Final Fantasy VII Remake Review | Risktaking
There’s a ton more I’d love to say about Final Fantasy VII Remake, but I don’t want to spoil the experience for anyone. While it may seem like Square Enix mostly played it safe from what I’ve said so far, that’s anywhere but the truth. This remake really stretches the definition of the word by adding an incredible amount of depth to the source material.
The only misgiving I have as a reviewer is that those who haven’t played the original Final Fantasy VII may not get as much out of the experience as a longtime fan. This game is obviously developed for those who have played and love FF7, and I think a lot of the nuance of both the new content and the plot additions will be lost if you’re not familiar with the source material.
I applaud the team behind Final Fantasy VII Remake for not targeting it toward the lowest common denominator and going above and beyond to make the game an experience that will surprise even those who know FF7 backward and forward. It would have been a lot easier to just stick to a 1:1 graphical update of the original game, but Final Fantasy VII Remake is so much more than that.
Final Fantasy VII Remake Review | Revisiting an icon
I adored the 40 hours I spent in Midgar, and they passed far too quickly. I can’t wait to see how the second episode of the remake series turns out, and it feels like I’m back in 1997, staring bright-eyed out into the distance at the end of Midgar’s highway.

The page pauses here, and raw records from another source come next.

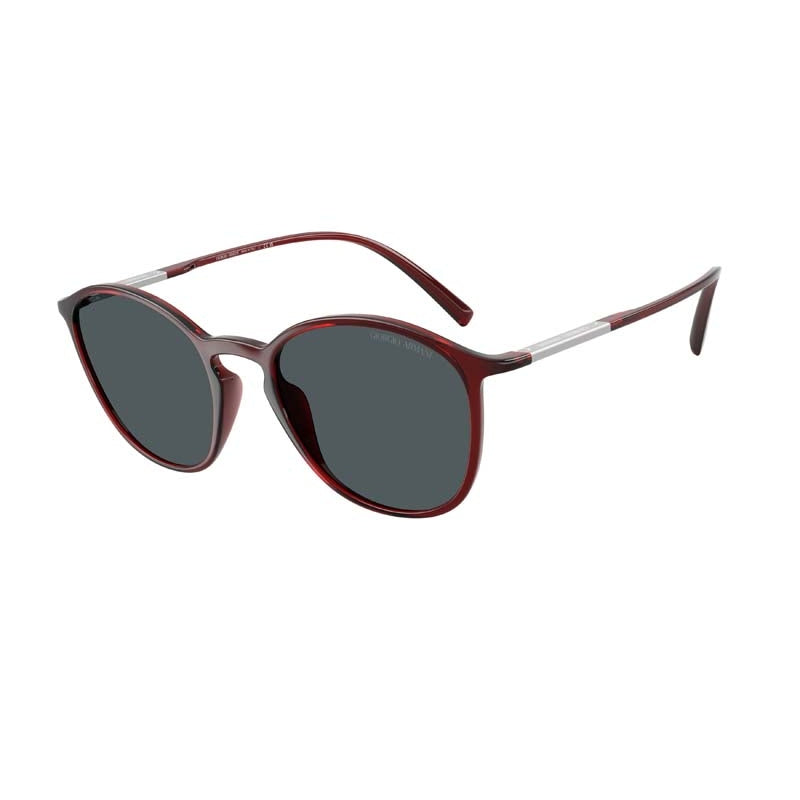 Giorgio Armani Sunglasses, Model: 0AR8233U Colour: 6237L5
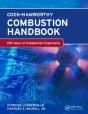 The Coen & Hamworthy Combustion Handbook - Preview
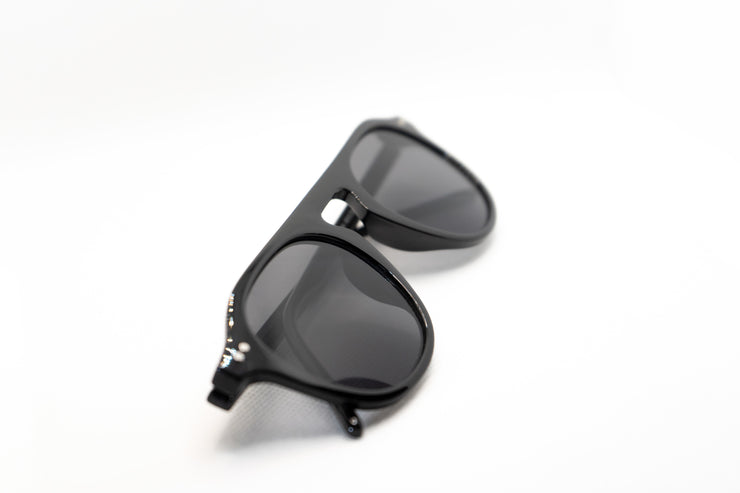 GAFAS DE SOL PALERMO CLASSIC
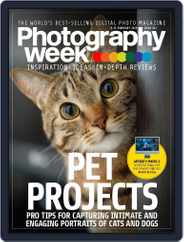 Photography Week (Digital) Subscription                    February 9th, 2023 Issue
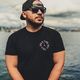Sean Rosario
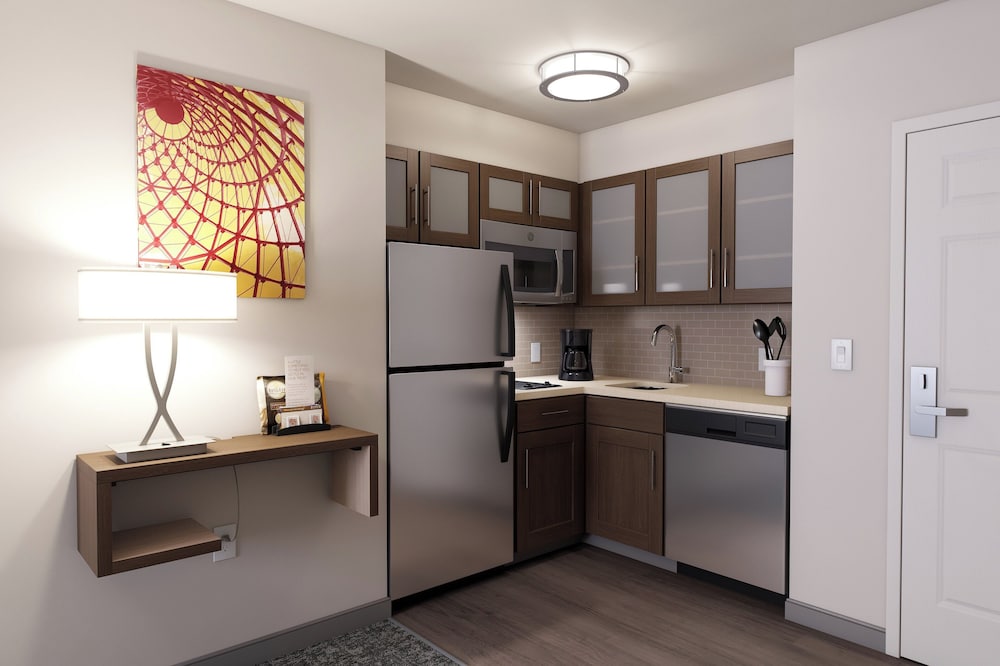 staybridge suites rehoboth beach by ihg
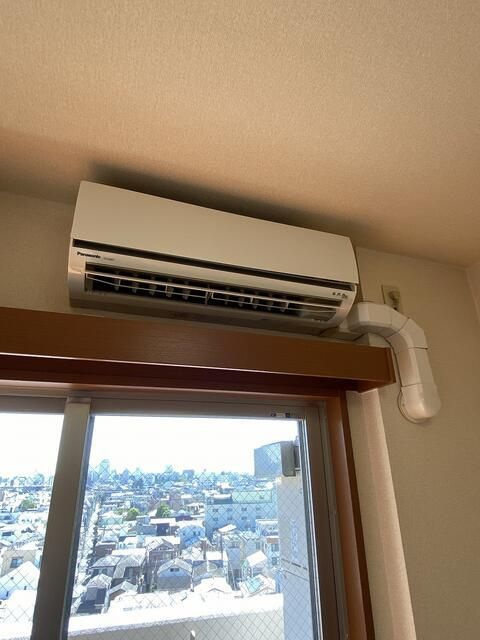 パレステュディオシンシア文京千石の設備|パレステュディオシンシア文京千石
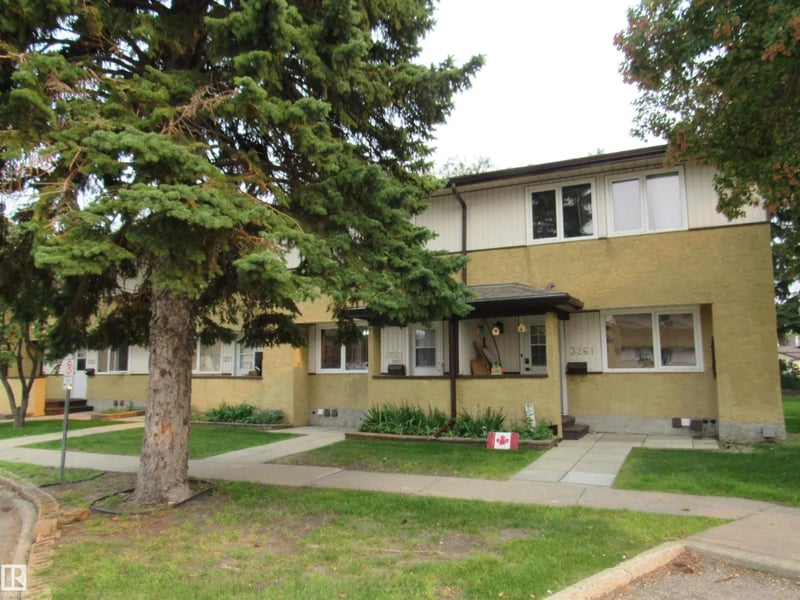 3259 139 AV NW, Edmonton, Alberta, T5Y1T2, Edmonton, Alberta — photo 1 of 5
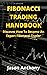 Fibonacci Trading Handbook: Discover How To Become An Expert Fibonacci Trader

Square Enix took a gamble with Final Fantasy VII Remake, and not everyone is going to be happy with it. This will likely be a divisive title amongst the fanbase. However, I’m someone who played the original game when it released, and it’s one of my favorite games of all time, and I was absolutely thrilled with this reimagining.
My recommendation is to go into Midgar with an open mind and allow it to wash over you. Final Fantasy VII Remake is a video game experience we only get every once in a while, and it’s one of the best titles I’ve ever had the pleasure of playing.
GameRevolution reviewed Final Fantasy VII Remake on PS4 with a copy provided by the publisher.